Forsyth County Schools raised the ante this week in what has become a race to regression in Georgia around LGBTQ issues. The principal of Sharon Elementary School in Suwanee sent an apology — sanctioned by the superintendent — to parents about a children’s author who used the word “gay” in a presentation about the history of the Batman character on Monday.
Marc Tyler Nobleman, author of “Bill the Boy Wonder: The Secret Co-Creator of Batman,” was hired to speak at three Forsyth County elementary schools this week. The response of school leaders and Nobleman’s outrage over the apology letter ended up cutting those appearances short.
“As trust and transparency are foundational to our partnership, I am reaching out to make you aware of subject matter that was brought up today by a guest author during his speech to our 5th grade students,” wrote Sharon Elementary Principal Brian Nelson to parents. “I apologize that this took place. Action was taken to ensure that this was not included in Mr. Nobleman’s subsequent speeches and further measures will be taken to prevent situations like this in the future.”
After seeing Nelson’s apology, Nobleman said he was shocked and regretted immediately agreeing to delete the word “gay” from his remaining presentations. “My conscience came roaring back and I was no longer willing to do that,” he said in an interview on Wednesday after his final appearance in Forsyth County.
A few hours earlier, at Settles Bridge Elementary, Nobleman informed the principal he intended to use the word “gay” in his talks to three grades that day. However, after his first presentation, the principal and a district communications leader insisted he cease. When he declined, his last two talks were canceled.
“When I spoke to him, I told him we respected his beliefs,” said Jennifer Caracciolo, Forsyth County Schools’ spokeswoman. “However, we have a responsibility to our parents and guardians that they are aware of what their children are learning, and that certain topics are for higher grade levels.” Caracciolo said Superintendent Jeff Bearden “also sanctioned the canceling of the two presentations.”
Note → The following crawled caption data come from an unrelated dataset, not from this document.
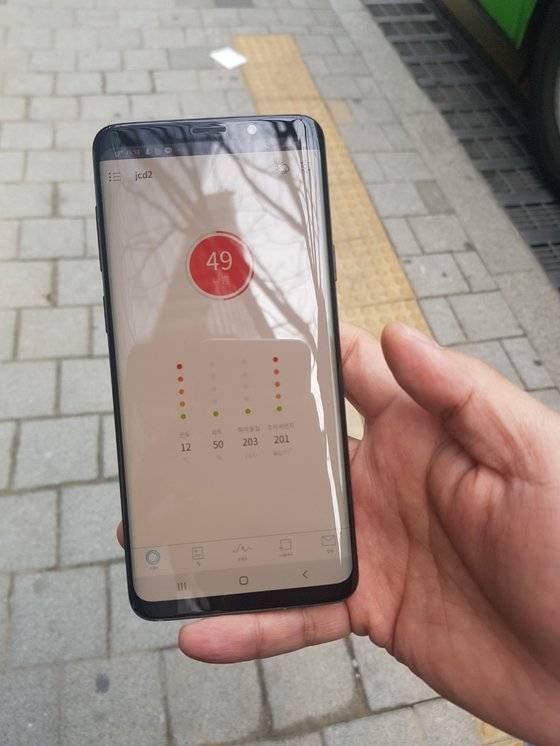 유리벽 바깥쪽인 버스정류장 앞에 버스가 지나가자 외부 미세먼지 농도는 201㎍까지 치솟았다. 임선영 기자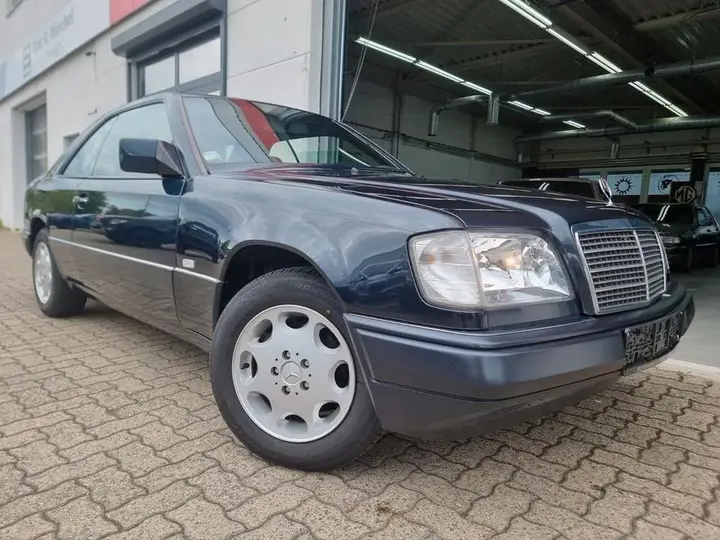 Mercedes-Benz E 200 Coupe
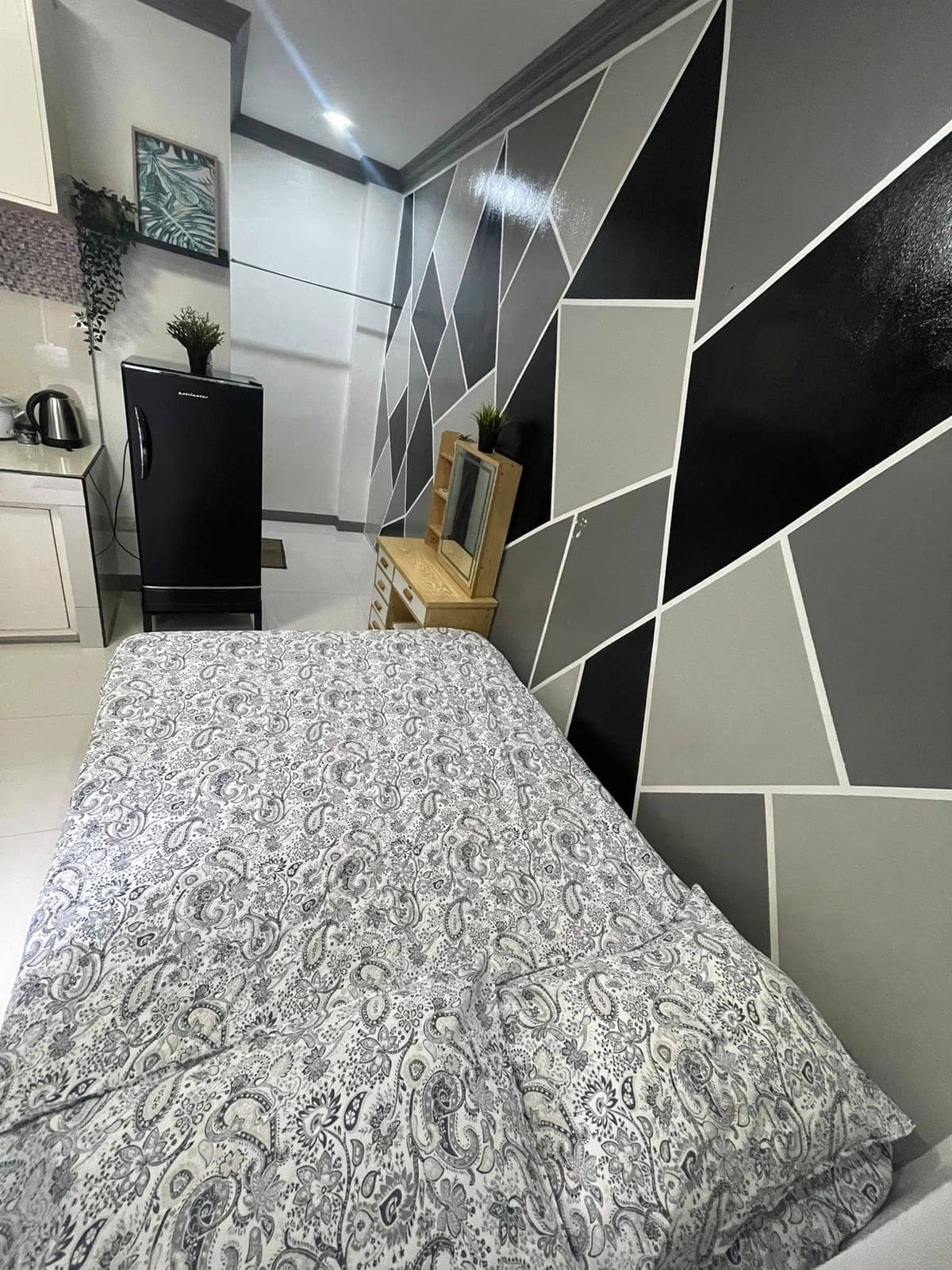 Unit Available - photo 4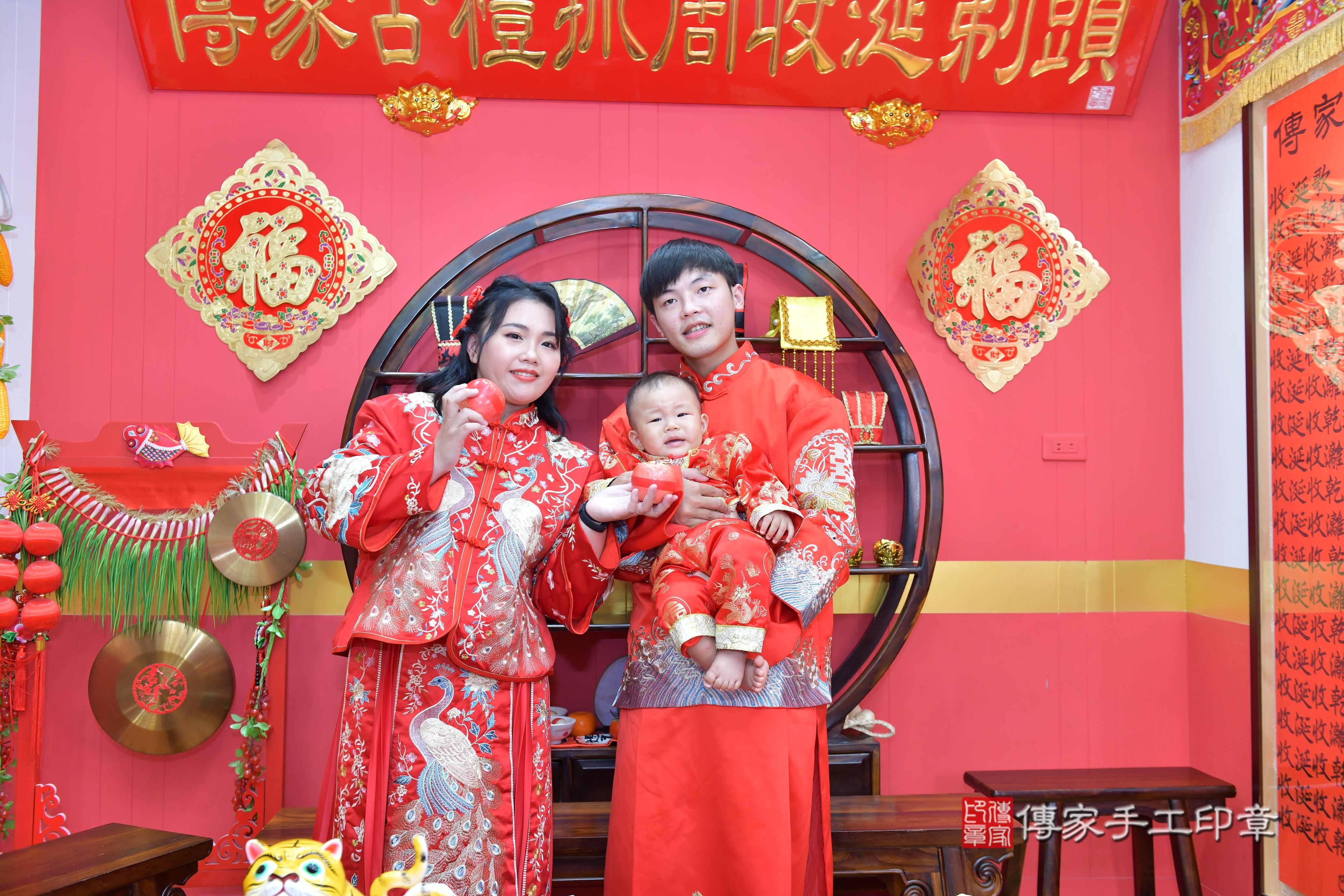 傳家手工印章桃園店、抓周、度脺、美式風會場、傳家嬰兒古禮、吉祥話、抓周道具物品24種、拍照。抓周證書。寶寶抓周、滿周歲、生日快樂、祝福 傳家手工印章桃園店、抓周、度脺、美式風會場、傳家嬰兒古禮、吉祥話、抓周道具物品24種、拍照。抓周證書。寶寶抓周、滿周歲、生日快樂、祝福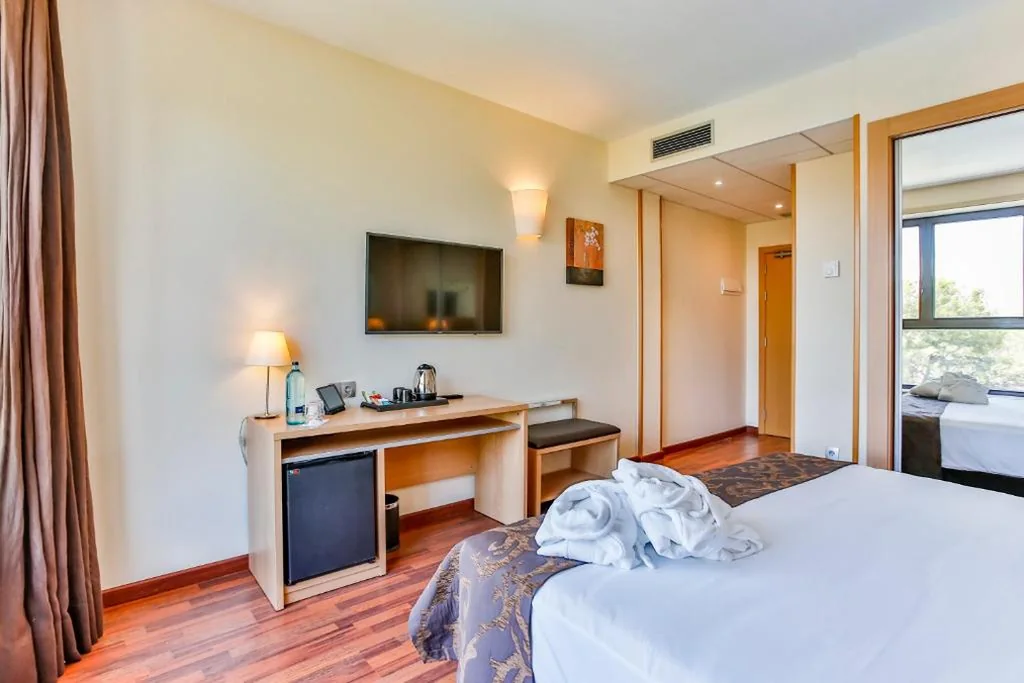 Camera Doppia Superior — Hotel Desitges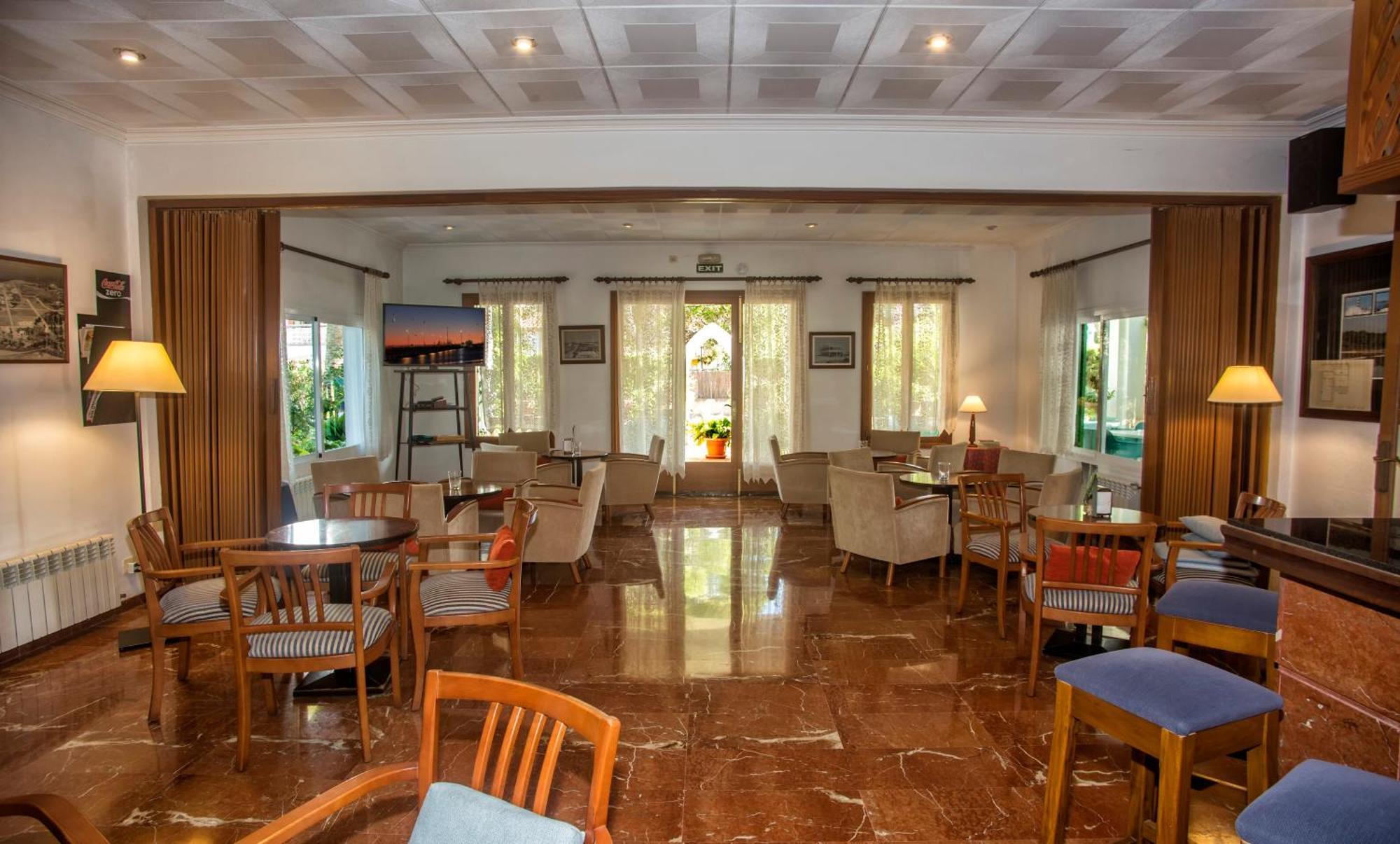 Hotel Martorell By Mhr Colonia de Sant Jordi Exteriör bild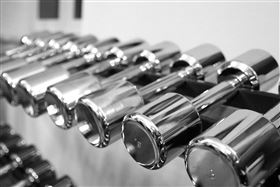 啞鈴。(圖/Pixabay)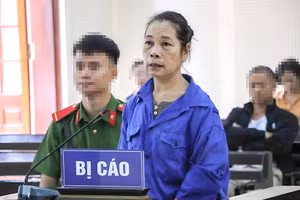 Bị cáo Nguyễn Thị Dung tại phiên tòa sơ thẩm. Ảnh: Phạm Tâm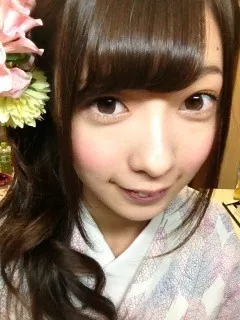斉藤 優里｜ 1位。だなんて(´･ω･`)やったー（2012-05-09）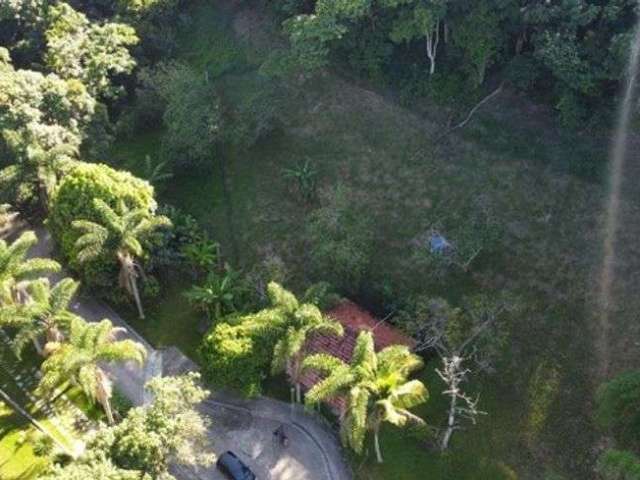 Terreno gigante 1400m², com benfeitoria de uma casa simples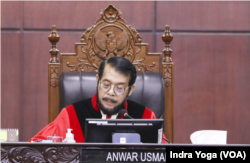 Ketua Mahkamah Konstitusi (MK), Anwar Usman memimpin sidang putusan MK terkait batas maksimal umur calon presiden pada Senin (23/10) di Jakarta. (VOA/Indra Yoga)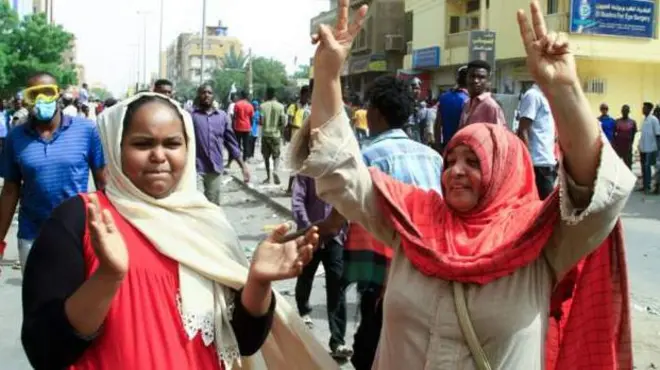 Abagore bari mu myigaragambyo yo kwamagana ubutegetsi bwa gisirikare 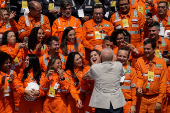 Lula cumprimenta funcionrios da Petrobras no Comperj, em Itabora (RJ)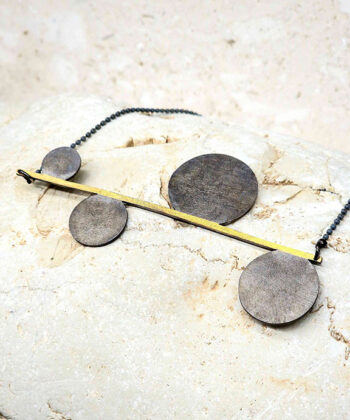 Κολιέ ασύμμετροι κύκλοι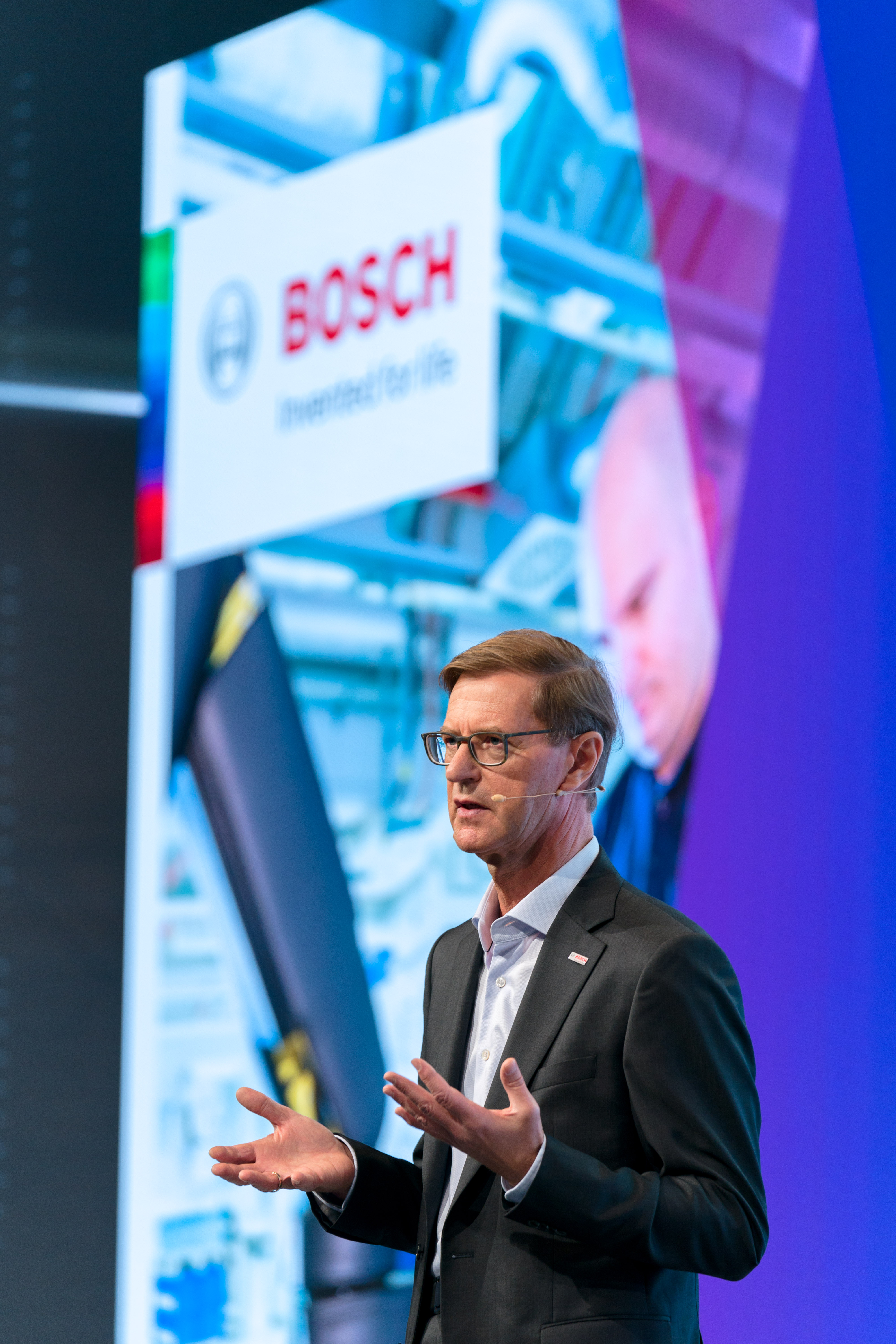 Bilanzpressekonferenz 2018: Prof. Dr. Stefan Asenkerschbaumer 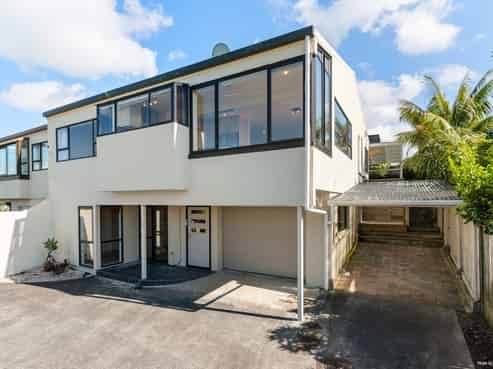 3/8 City View Terrace, Birkenhead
“It was a single word in a 57-minute talk. This was actually doing a huge disservice to these kids,” said Nobleman. “It deprives them of this experience. It is not a controversial word, but they were saying it was against state standards.”
“I have received administrative pushback before, three or four times in 20 years,” said Nobleman. “But Forsyth was the first time it went this far — the first time I wasn’t able to convince my hosts to allow me to proceed with the presentation intact.”
Forsyth County parent Dawn Anderson was dismayed by the apology. “‘Gay’ isn’t a four-letter word and I’m saddened to think that in 2023 the mere mention of it needs to be handled with such special care,” she said. “I hope that this won’t result in this author not being invited back in the future. His visit really sparked an interest in the subject matter for my child.”
Aimed at ages 8 to 12, “Bill the Boy Wonder: The Secret Co-Creator of Batman” is the biography of Bill Finger, whose role in creating the world and imagery of Batman had long been overlooked. Nobleman helped correct that omission, and his crusade to see Finger credited officially for his contribution to the Batman universe inspired the Hulu documentary “Batman & Bill.”
A critical element in the saga was Nobleman’s discovery that Finger, who died penniless and unheralded in 1974, had a granddaughter to legally press the claim that he was co-creator of Batman. And that is where the word “gay” enters the story.
Bill Finger had a son Fred, who was gay and died of AIDS-related complications in 1992, which led to the assumption Finger had no heirs. Nobleman tells students this assumption initially thwarted the effort to win credit for Finger. Finally, in 2015, DC Entertainment acknowledged the Finger family claim and comic books began to say, “Batman created by Bob Kane with Bill Finger.”
“I don’t mention it to be a provocateur. It is an essential point in the story because it misdirected researchers for years into thinking Bill had no living heirs after Fred died in 1992,” said Nobleman.
Still, he doesn’t dwell on it in his talk, focusing on the big picture that he wants to convey to his young audiences — that they need to be persistent, to speak to injustice when they see it and never give up.
And that message resonates with kids based on how often Nobleman is hired to speak at schools around the country, including in Cobb, DeKalb, Fulton and Glynn counties. This was his first visit to Forsyth schools. Nobleman said his presentation at Settles Bridge Elementary in Suwanee was “one of the best talks I had in recent memory. The kids were so bighearted and empathetic and clapping throughout, not just at the end. Normally, we do a question and answer and about 50 hands went up.”
The school’s announcement there was no time for questions tipped off Nobleman. “I knew I was being censored. It seems to me that they are so afraid of parental backlash. It may be a small group in the county, but they are a loud group.”
Nobleman said he was frustrated by the contention by Forsyth County administrators that telling kids that Finger’s son was gay was discussing sexuality.
“If a child asks me if I am married, can I say I have a wife? This is pure and simple discrimination and intolerance. It is also extremely insulting and dangerous to our children. We have so much teen suicide in the LGBTQ community and it’s because they are not welcome to speak up about their own lives in their own community.”